## The task
Below are some records. Return exactly the lines from the one with "reflector-photo-sensor-sorena سنسور نوری" to the one with "independence from government control.", and nothing else.

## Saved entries
□ □ □

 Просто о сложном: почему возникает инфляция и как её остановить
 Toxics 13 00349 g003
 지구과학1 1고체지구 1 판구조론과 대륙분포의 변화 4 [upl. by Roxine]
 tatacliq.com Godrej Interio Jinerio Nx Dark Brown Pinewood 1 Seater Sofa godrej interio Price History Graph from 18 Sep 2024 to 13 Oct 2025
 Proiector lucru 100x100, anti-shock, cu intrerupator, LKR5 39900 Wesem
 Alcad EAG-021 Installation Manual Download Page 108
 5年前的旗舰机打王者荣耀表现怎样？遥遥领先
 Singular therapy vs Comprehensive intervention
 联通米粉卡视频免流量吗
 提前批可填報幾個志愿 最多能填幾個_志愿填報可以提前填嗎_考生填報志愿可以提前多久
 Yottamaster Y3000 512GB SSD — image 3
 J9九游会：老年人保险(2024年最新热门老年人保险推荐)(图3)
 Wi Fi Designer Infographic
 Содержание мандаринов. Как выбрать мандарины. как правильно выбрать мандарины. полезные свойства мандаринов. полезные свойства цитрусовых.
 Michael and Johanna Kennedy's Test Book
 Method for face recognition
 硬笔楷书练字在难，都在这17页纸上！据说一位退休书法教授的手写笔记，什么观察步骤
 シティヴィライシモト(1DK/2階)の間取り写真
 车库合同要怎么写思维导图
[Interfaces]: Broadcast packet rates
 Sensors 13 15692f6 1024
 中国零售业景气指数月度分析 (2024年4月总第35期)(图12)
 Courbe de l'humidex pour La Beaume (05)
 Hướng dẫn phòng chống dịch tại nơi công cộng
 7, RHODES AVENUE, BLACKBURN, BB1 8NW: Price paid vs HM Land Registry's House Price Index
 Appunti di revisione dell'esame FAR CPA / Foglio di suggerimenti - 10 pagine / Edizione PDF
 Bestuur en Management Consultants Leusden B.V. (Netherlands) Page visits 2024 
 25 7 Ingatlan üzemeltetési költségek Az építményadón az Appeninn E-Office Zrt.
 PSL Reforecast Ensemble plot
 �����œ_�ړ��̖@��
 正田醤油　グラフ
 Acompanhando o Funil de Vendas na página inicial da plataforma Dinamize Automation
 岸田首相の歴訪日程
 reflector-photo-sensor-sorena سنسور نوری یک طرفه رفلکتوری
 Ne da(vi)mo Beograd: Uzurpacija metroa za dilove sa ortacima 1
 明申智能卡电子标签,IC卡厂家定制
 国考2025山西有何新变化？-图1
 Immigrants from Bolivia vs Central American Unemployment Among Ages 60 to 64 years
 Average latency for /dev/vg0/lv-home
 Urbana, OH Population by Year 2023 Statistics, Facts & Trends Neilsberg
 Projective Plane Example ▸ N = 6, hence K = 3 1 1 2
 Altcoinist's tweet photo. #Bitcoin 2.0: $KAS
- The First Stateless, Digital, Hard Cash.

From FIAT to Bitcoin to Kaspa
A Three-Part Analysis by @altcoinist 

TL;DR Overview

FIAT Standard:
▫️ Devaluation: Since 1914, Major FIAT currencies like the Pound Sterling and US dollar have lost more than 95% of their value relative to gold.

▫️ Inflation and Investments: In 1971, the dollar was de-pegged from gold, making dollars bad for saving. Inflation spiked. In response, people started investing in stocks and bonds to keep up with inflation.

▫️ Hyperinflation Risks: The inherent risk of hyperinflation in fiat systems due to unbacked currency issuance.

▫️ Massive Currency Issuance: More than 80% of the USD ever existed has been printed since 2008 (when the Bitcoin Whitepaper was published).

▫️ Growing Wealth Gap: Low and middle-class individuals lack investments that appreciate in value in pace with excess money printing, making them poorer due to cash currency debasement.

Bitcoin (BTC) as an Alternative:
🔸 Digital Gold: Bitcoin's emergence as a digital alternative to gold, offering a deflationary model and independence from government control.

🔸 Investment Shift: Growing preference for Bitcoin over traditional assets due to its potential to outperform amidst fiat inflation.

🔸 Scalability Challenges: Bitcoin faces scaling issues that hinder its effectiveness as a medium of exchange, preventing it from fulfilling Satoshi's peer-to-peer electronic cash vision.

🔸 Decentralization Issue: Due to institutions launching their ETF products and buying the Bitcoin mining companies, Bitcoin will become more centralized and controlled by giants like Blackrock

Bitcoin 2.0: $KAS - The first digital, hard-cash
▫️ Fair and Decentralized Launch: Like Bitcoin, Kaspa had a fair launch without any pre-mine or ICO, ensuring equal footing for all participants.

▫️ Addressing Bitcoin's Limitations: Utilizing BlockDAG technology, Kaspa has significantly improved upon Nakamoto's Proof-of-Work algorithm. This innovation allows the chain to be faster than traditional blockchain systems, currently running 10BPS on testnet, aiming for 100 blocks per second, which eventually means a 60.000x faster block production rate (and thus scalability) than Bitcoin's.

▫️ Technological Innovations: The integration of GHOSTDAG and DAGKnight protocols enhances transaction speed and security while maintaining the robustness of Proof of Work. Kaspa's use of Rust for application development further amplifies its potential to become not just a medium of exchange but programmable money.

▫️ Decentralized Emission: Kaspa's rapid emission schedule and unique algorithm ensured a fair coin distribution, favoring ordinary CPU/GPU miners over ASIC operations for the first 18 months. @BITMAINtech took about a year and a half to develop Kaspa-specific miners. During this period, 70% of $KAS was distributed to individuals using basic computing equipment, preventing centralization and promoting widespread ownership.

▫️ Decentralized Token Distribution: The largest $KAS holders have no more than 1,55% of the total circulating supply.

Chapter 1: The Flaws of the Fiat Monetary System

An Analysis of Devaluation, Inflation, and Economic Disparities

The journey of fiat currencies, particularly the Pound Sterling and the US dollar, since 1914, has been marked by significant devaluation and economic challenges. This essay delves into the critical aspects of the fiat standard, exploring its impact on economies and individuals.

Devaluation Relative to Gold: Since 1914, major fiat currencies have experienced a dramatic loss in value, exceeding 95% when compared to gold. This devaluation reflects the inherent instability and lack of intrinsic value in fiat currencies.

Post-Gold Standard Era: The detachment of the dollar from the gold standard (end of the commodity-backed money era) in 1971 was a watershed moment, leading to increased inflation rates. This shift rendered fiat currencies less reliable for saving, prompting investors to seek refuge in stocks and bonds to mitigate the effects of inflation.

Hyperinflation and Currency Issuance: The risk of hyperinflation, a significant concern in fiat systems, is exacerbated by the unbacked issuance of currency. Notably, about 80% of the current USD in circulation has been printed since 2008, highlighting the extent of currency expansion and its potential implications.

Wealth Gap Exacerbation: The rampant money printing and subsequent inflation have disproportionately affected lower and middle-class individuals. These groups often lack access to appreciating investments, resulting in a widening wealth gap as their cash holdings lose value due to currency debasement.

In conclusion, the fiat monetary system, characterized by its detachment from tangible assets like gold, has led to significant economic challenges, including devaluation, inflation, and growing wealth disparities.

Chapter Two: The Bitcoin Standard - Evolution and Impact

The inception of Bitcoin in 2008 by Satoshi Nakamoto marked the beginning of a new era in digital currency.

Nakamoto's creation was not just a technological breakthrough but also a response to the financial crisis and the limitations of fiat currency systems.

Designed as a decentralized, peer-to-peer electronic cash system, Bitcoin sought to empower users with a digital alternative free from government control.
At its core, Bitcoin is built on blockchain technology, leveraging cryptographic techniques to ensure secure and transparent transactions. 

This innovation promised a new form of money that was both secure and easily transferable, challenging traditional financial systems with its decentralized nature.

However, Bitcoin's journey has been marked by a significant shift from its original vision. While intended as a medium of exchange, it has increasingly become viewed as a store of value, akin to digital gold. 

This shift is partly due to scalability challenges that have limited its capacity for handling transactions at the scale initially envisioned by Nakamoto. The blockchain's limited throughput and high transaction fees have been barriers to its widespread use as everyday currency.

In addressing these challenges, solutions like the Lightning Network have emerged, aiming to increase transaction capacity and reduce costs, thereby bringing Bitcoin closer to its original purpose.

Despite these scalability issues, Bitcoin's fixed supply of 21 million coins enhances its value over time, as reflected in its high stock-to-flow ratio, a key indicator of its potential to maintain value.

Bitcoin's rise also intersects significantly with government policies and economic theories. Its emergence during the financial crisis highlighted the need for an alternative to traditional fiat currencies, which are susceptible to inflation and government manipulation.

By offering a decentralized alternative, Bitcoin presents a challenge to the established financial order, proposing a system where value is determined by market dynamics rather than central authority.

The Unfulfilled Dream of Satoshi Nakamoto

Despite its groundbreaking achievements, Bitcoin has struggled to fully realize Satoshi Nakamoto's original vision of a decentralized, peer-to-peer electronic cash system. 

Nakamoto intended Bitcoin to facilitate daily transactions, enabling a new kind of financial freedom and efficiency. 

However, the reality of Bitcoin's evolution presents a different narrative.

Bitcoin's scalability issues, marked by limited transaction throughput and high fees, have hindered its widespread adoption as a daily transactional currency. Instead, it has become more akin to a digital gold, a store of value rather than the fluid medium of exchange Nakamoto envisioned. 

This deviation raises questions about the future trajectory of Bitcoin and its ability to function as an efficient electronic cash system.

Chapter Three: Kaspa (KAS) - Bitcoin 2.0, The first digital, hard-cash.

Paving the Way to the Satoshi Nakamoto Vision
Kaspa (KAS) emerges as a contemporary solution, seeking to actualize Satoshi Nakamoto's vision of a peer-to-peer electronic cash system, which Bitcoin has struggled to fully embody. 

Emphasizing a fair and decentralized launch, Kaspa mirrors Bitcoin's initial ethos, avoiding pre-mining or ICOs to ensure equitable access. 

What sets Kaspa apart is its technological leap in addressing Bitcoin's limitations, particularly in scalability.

□ □ □

## Result
 reflector-photo-sensor-sorena سنسور نوری یک طرفه رفلکتوری
 Ne da(vi)mo Beograd: Uzurpacija metroa za dilove sa ortacima 1
 明申智能卡电子标签,IC卡厂家定制
 国考2025山西有何新变化？-图1
 Immigrants from Bolivia vs Central American Unemployment Among Ages 60 to 64 years
 Average latency for /dev/vg0/lv-home
 Urbana, OH Population by Year 2023 Statistics, Facts & Trends Neilsberg
 Projective Plane Example ▸ N = 6, hence K = 3 1 1 2
 Altcoinist's tweet photo. #Bitcoin 2.0: $KAS
- The First Stateless, Digital, Hard Cash.

From FIAT to Bitcoin to Kaspa
A Three-Part Analysis by @altcoinist 

TL;DR Overview

FIAT Standard:
▫️ Devaluation: Since 1914, Major FIAT currencies like the Pound Sterling and US dollar have lost more than 95% of their value relative to gold.

▫️ Inflation and Investments: In 1971, the dollar was de-pegged from gold, making dollars bad for saving. Inflation spiked. In response, people started investing in stocks and bonds to keep up with inflation.

▫️ Hyperinflation Risks: The inherent risk of hyperinflation in fiat systems due to unbacked currency issuance.

▫️ Massive Currency Issuance: More than 80% of the USD ever existed has been printed since 2008 (when the Bitcoin Whitepaper was published).

▫️ Growing Wealth Gap: Low and middle-class individuals lack investments that appreciate in value in pace with excess money printing, making them poorer due to cash currency debasement.

Bitcoin (BTC) as an Alternative:
🔸 Digital Gold: Bitcoin's emergence as a digital alternative to gold, offering a deflationary model and independence from government control.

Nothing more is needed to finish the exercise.